### EXERCISE AIM
In the data below, begin at the line with "the logo for" and stop after the line with "Men's band with"; output those lines exactly and no pictures.

### ENTRIES SUPPLIED
···

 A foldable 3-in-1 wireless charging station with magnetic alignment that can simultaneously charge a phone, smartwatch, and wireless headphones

···

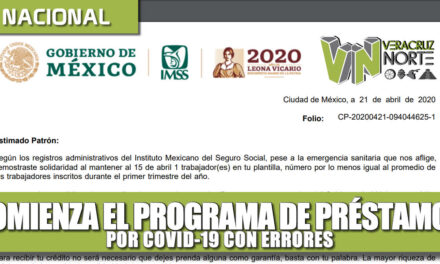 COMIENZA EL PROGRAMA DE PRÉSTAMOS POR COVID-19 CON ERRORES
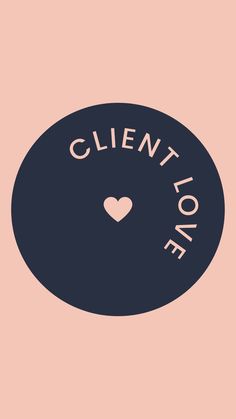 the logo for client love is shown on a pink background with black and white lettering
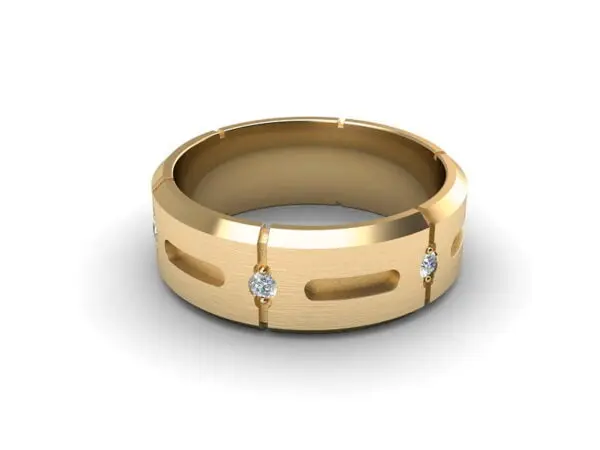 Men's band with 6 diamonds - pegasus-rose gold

···

### ANSWER BOX
 the logo for client love is shown on a pink background with black and white lettering
 Men's band with 6 diamonds - pegasus-rose gold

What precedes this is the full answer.